Son aún las 7:15 cuando aterrizo en el techo de los baños del liceo. Fue un vuelo perfecto de ocho segundos arriba del aire avanzando como una bala de cañón cuyo único fin es destruirlo todo y a todos. Nunca había volado así, con mi odio querido guiándome como una estela negra en la claridad.
Arriba del techo me cruzo de piernas como lo haría un maestro hindú y levito en medio de la sombra que me brindan las ramas de los espinos gigantes que crecen a los pies de los bebederos. Floto a dos palmos del techo de latones: un montón de cuadrados metálicos unidos sin mayores terminaciones ni cariño ni trabajo. Es lo que el profesor de biología, el “negro” Meléndez, Augusto Meléndez, llamaría “la ciencia de lo impreciso”. Chile sería el epicentro de esa ciencia, según nos ha recalcado en clases. Y así lo hará de nuevo Meléndez en una hora más, cuando estemos todos los del 4to “C”. ¿4to “C”?, conchetumadre, cómo ha pasado el tiempo, en el salón en la primera clase del último año, el último año, ya listos para ser lanzados a fines de diciembre a la Prueba de Aptitud Académica, y luego al vacío de un precipicio que veo en la mayoría del futuro de mis compañeros y compañeras de clase. Sin puntajes, sin profesión, sin futuro. Todos tendrán un futuro sin futuro. Incluso, a veces aparece el mío en esos encandilamientos que me dejan en trance unos segundos y con un dolor de cabeza abombado.
Sigo levitando en el techo y bajo la cabeza para hacerme sonar el cuello. No lo logro, pero aprovecho la frustración para mirar en el techo metálico algunas plumas de palomas, espirales de mierdas producidas por esas ratas del aire que ensucian el vuelo de personas como yo, aunque no creo que haya alguien como yo, pienso y me río de la idiotez que acabo de pensar... y, bueno, bajo, miro las plumas, la mierda, la suciedad, muchas ramas secas, muchísimas, y termino de concluir que nunca nadie piensa en los techos. El techo es simplemente una definición en porción: acotada, que considera solo un lado porque nadie piensa en el techo que contemplo ahora cuando dice la palabra techo. Hasta yo lo haría, ¿no? Solo se piensa en el cielorraso blanco que hay dentro de las casas cuando decimos techo. Quiero decir, uno solo piensa en un lado de las cosas la mayor parte del tiempo y eso es así, pensar en un lado de las cosas, porque cuesta hacerlo en dos o más caras. Nos volveríamos medio locos, o medio videntes, o medio santos, si pensáramos en todos los posibles lados y, además, siempre nos quedamos en la comodidad del cielorraso: blanco sin relieves que arruinen la superficie.
Nos volveríamos paranoicos si pensáramos o, peor, si supiéramos que ese lado no es el único techo y que arriba hay un techo como el que miro yo ahora desde esta altura: un lugar desprovisto de perfección, inhóspito, desagradable, hasta fétido y que, como nadie se molesta en mirar, sigue así: hecho un lugar de mierda.
Sigo divagando entre mis pensamientos cada vez más enfermizos cuando escucho voces debajo. Son estudiantes que ya están entrando a clases y vienen al baño a fumar tabaco y a veces un pito de marihuana, antes de la campana de las ocho de la mañana: el tintineo que da inicio a toda la vida escolar.

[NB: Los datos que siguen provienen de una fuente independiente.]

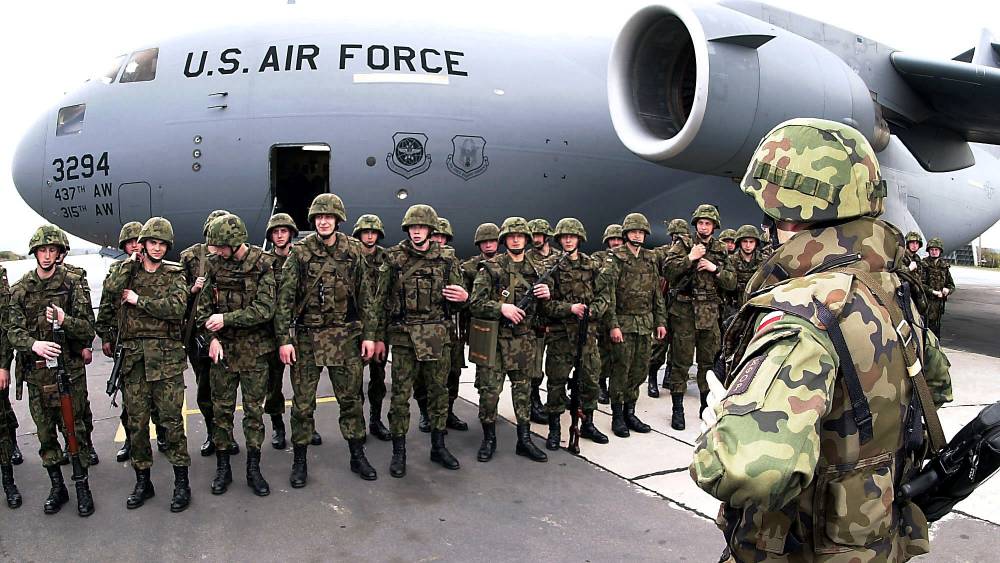 Statele Unite preiau comanda trupelor NATO din Europa. Cine îl înlocuiește pe generalul Breedlove - 000421f8705r00262799000-1462346939.jpg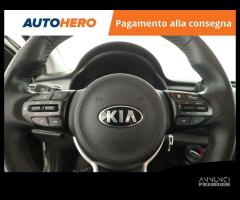 KIA Stonic WF64447 - 12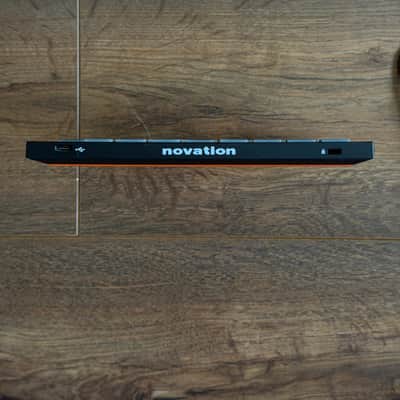 Novation Launchpad Mini MKIII Pad Controller 2019 - Present - Black image 2
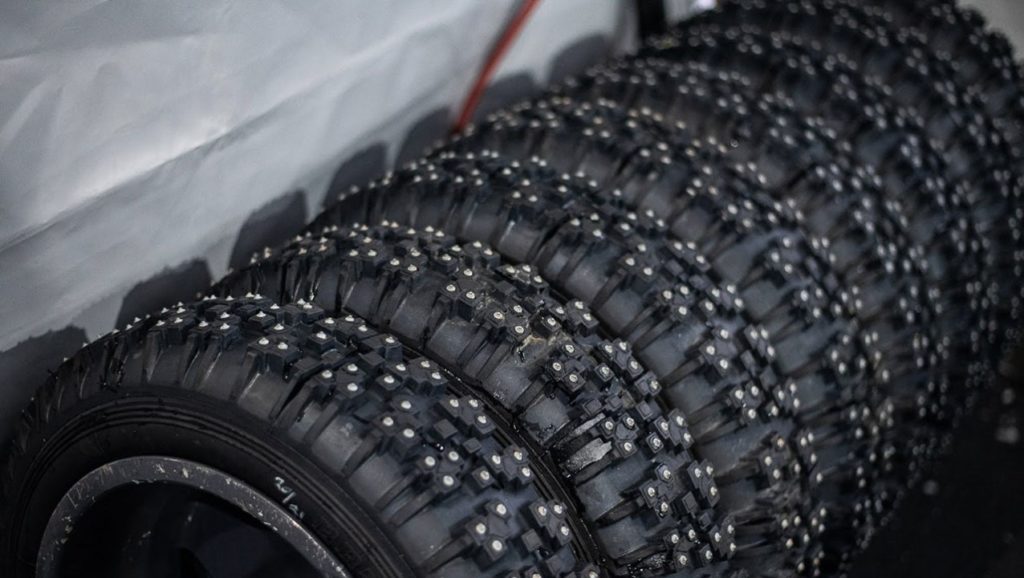 Les pneus cloutés de compétition | Ameg Group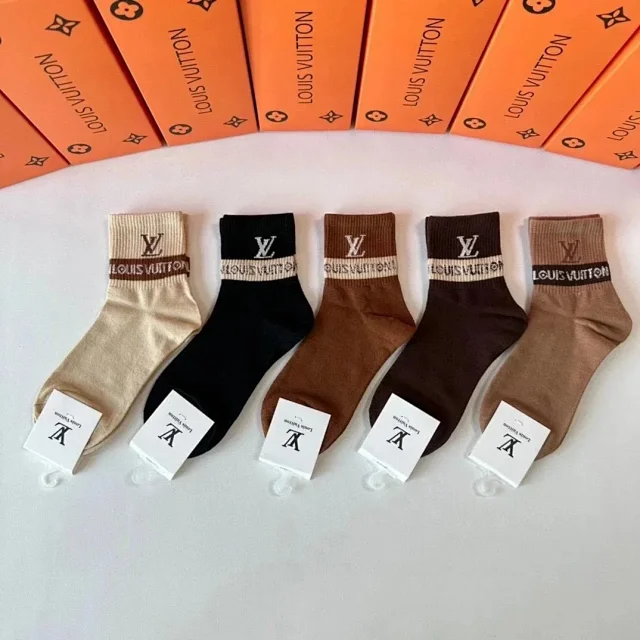 Louis Vuitton Socks 5-Pair Logo Crew Set product detail image 5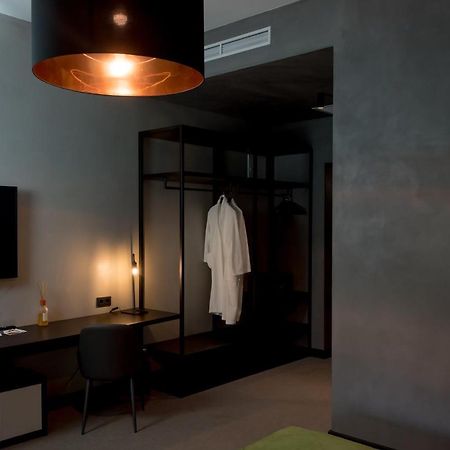 Brik Hotel โอเดสซา ภายนอก รูปภาพ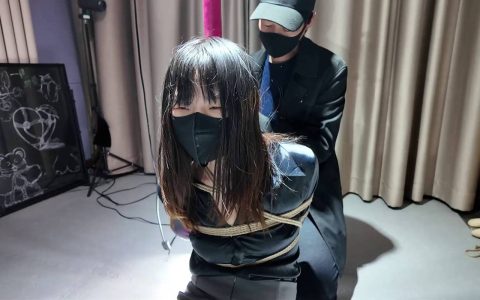 一绳所爱紧缚定拍之凉玥和我聊绳艺！这部作品可以在线看！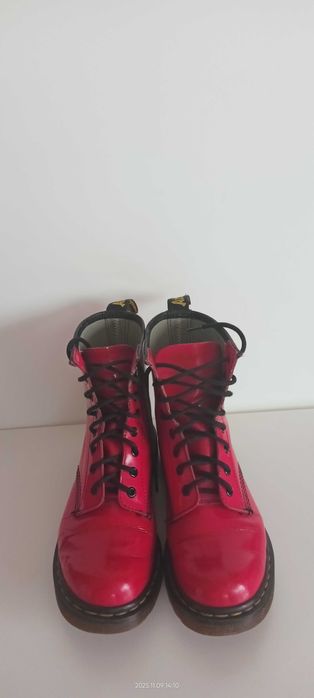 Dr. Martens 39 wysokie 1460 czerwone lakierowane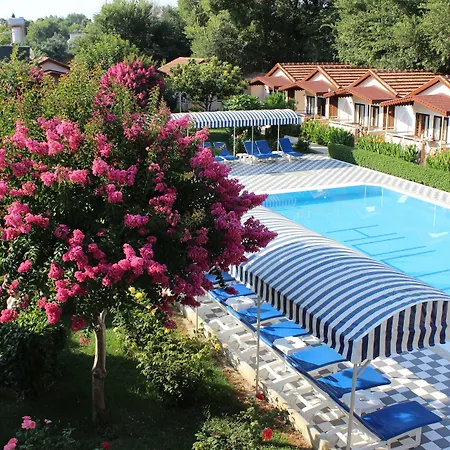 Hulusi Hotell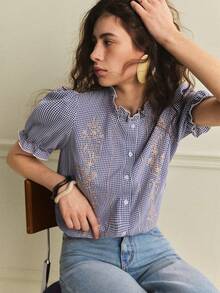 Écloséra 优雅通勤百搭休闲日常短袖撞色荷叶领刺绣复古蓝色格子面料女式衬衫上衣，春夏款 - 藍色 - 查看 1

Algunos de los recién llegados, además de fumar el pucho de turno, se ponen un toque de pisco para entrar en calor. Eso dicen, los oigo perfecto desde mi nido oculto, aunque la temperatura de un día de marzo como hoy, en verdad, no es de las más heladas del año. Nadie mira hacia arriba, están distraídos y sin esperanzas: nunca pero nunca los chilenos miran al cielo, jamás, así que las posibilidades de ser descubierto por una mirada furtiva son nulas.
Dirijo la vista debajo del espino del lado derecho y descubro que Silvio, mi amigo Silvio Marinao, viene directo al baño a fumar y ponerse un par de sorbos de pisco en la clandestinidad de los WC. Silvio siempre anda impecable y esta vez el gesto es mayor en su caso: chaqueta nueva, pelo reluciente, zapatos nuevos también, y una camisa que destella blancura y perfecto planchado. Nueva también, qué duda cabe. Todo en Silvio habla de un estudiante renovado, aunque estoy seguro de que sigue siendo la misma mierda de siempre.
Desde la altura escucho el chasquido de los fósforos encendiéndose, siento el olor a cigarro prendido y veo la humareda azulada que se deshace en mi cara, metros más arriba.